Description of the task>
The copy has to match the data exactly and leave out every picture.

Data excerpt>
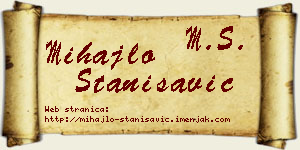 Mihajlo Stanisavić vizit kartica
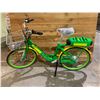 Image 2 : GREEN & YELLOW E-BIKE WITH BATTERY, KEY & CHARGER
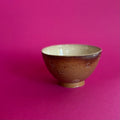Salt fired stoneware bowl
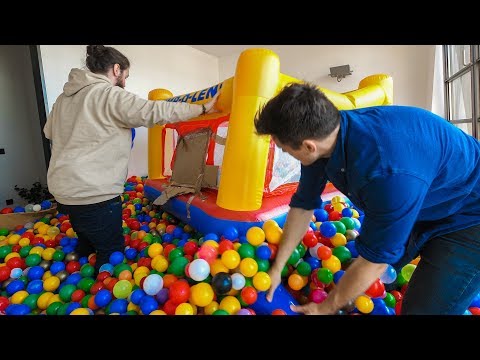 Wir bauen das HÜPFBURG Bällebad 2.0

Result of this exercise>
 Mihajlo Stanisavić vizit kartica
 Image 2 : GREEN & YELLOW E-BIKE WITH BATTERY, KEY & CHARGER
Salt fired stoneware bowl
 Wir bauen das HÜPFBURG Bällebad 2.0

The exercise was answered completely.